First off, as some of you may know by now, I've switched to a different job at the factory. Monday through Friday, as opposed to the rotating shifts I've gotten used to aver the years. It entailed a small cut in my pay rate, too. Until New Years, I'll be doing Age Testing and Dust Testing on the insulation. Sort of a Redneck Lab Tech, LOL! After New Years I will have to go back to my old job. I knew at the outset this new job would be temporary. Basically, I get ordinary bags of insulation right off the line as they are being packaged, bundle them up just like they were going to the warehouse for shipment to customers, and let the bundles sit in a hold area for specific periods of time. Time Of Manufacture, 7-Days, 14-Days, 30-Days, 60-Days, and 90-Days. As each time is reached, I cut the bundles open, do a full range of quality tests on each bag, and cut samples for the dust tests. Then I go off to my little laboratory and test the amount of dust each sample produces when they go into a testing machine. I also do Data Entry on all of the tests I do. All that information is used to suggest changes to the manufacturing process so the glass ages better, and the dust is reduced. Naturally, I'm not supposed to go into a lot of detail. We can't go giving away company secrets, after all.

Secondly, I have almost finished the rewrite of the story for the steampunk anthology I submitted to a couple of months ago. The anthology editors asked me to extend the ending past the scene where I originally stopped. I was limited to a strict 8000 word limit by the anthology for which I originally wrote the story. It was a good stopping place, but not a good ending, if you see the difference. The editors of the new anthology wanted more story, a real ending, and they've allowed me to expand on the tale. I should be able to reach the ending I want within the next few days. Then I'll have to go in and edit the bits I see need changes, mail it off to the editors, and let them work their magic.

A lot of you regular readers know how I feel about editors. But for those of you who don't, I'll expound upon the subject for this editorial. You see, editors are necessary because they can see a story in ways the writer can't. Writers get caught up inside their stories. We get so deep inside them that some of the flaws become invisible to us. Sure, we see the more obvious errors. An editor comes to the story fresh, without the handicap of having gotten used to those invisible errors the writer no longer sees. To them, the invisible errors stand out more clearly than to the writer. They can see where a writer used the same word repeatedly, then they find suitable synonyms to cut down on the number of repetitions. They can see where a spell-check didn't notice a correctly spelled word that wasn't the correct word at all. They can see were a characters eyes were blue on page 2, yet are described as green on page 17. Or where dialog gets assigned to the wrong character, as if one had been speaking with a Scottish accent to another who had a Southern US accent, but the writer forgot which was which in a couple of lines. And so on. Because an editor hasn't been seeing the story over and over and over again like the writer, the flaws are more obvious to them.

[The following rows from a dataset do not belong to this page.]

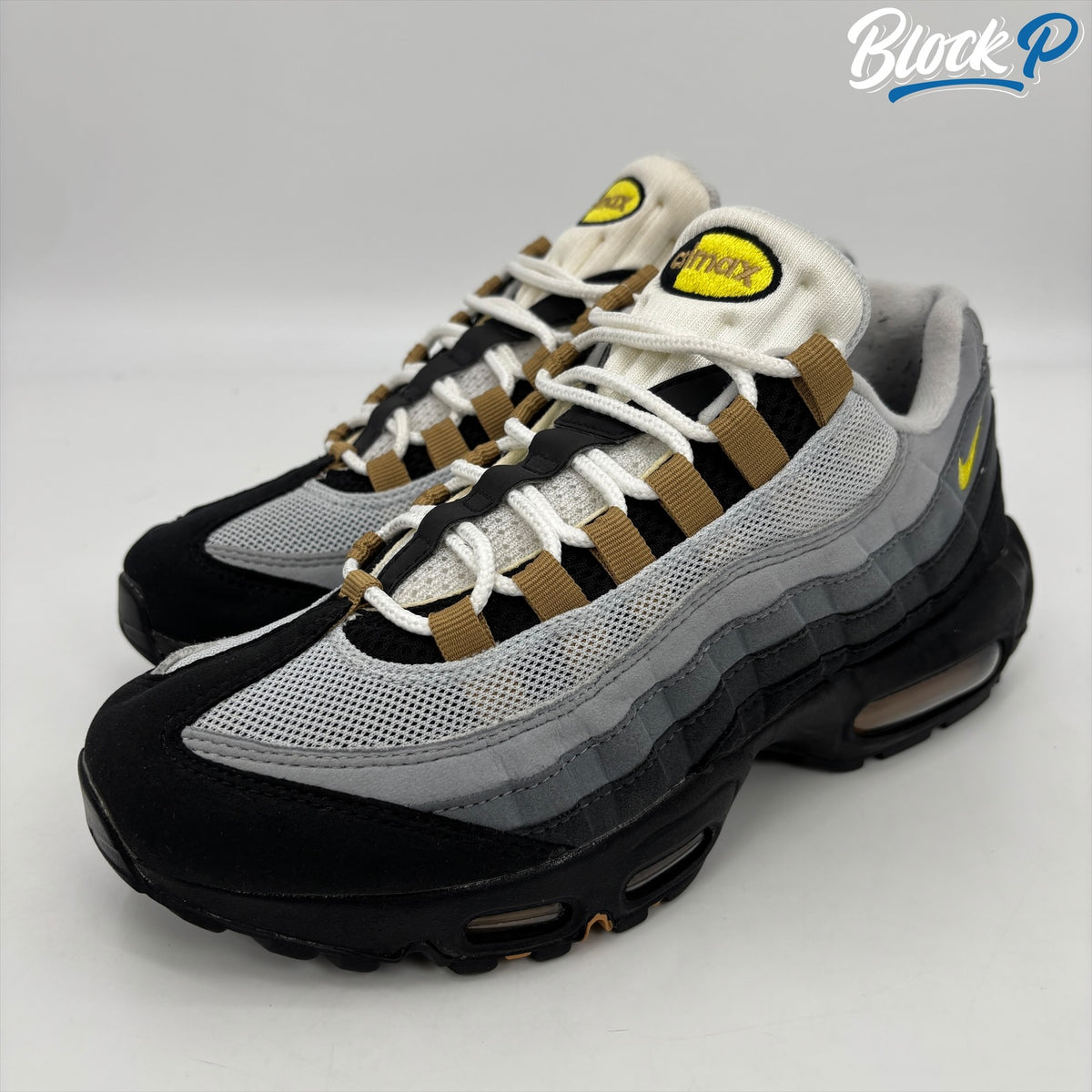 Nike Air Max 95 Icon Yellow Strike rear view — Block P Liverpool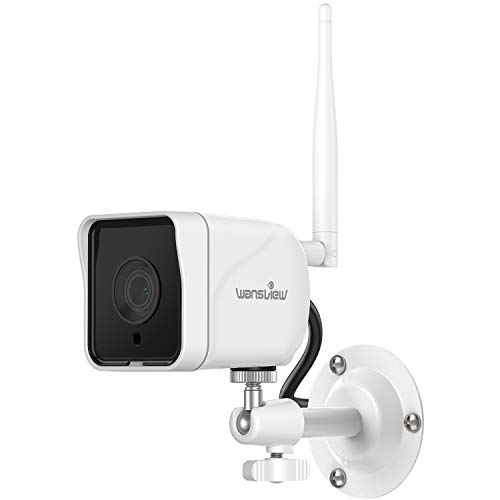 Wansview Cámara Vigilancia WiFi Exterior, 1080P Cámara IP WiFi de Seguridad con Visión Noturna Detección de Movimiento Audio Bidireccional, Soporta Alexa RTSP Onvif, IP66 Impermeable, W6 (Blanco)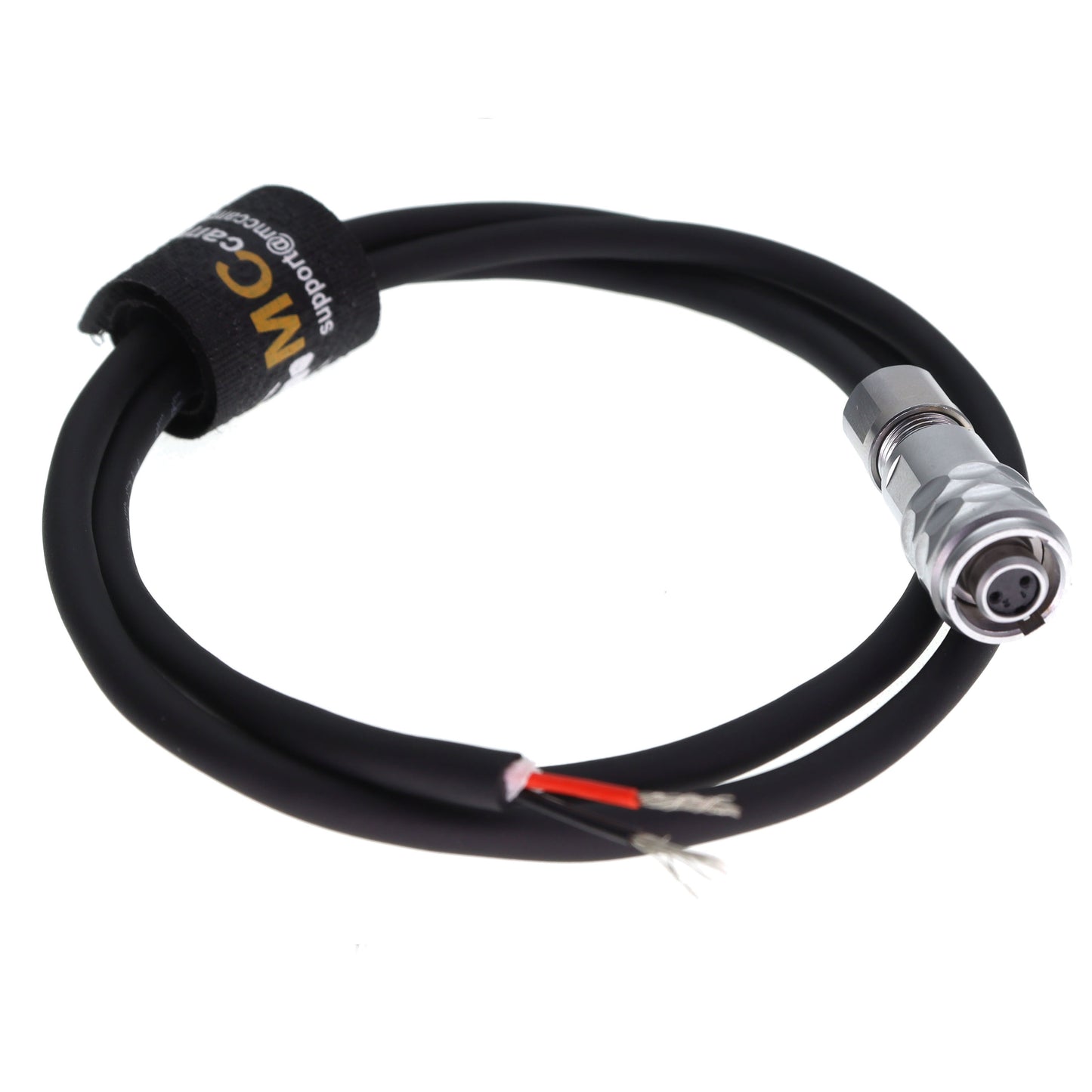 2Pin BMPCC 4K Connector DIY Cable for Black Magic with SF6 Right Angle 2Pin Female Plug for Blackmagic Pocket Cinema 4k 6K Camera Power Cable 2m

I love working with editors! I learn so much from them. I pick up on tricks to use while writing to catch even more errors so that they can find fewer small flaws in my work. Some of the big ones still happen, of course. Habits of a lifetime are hard to break. To this day I still have trouble seeing where I've slipped from Past Tense into Passive Voice. I still slip in to many that and which and for and other, similar words. Those run up a word count without adding much to the story itself. Sometimes those words are needed, but most of the time they are uselessly taking up space.

A good editor not only finds your errors, suggests corrections, and works with you to make the story better. They also teach you how to become a better writer. After working with editors, a writer finds that they have learned how to better spot their own mistakes, as well as ways to correct them. You begin to break old, bad habits while learning to spot other ways in which your writing can become even better. Every writer needs an editor. Even editors who writ need editors of their own. No matter how long you've been writing, or how good you get, you never outgrow the need to have someone outside your own head take a look at your work and point out where you slipped up.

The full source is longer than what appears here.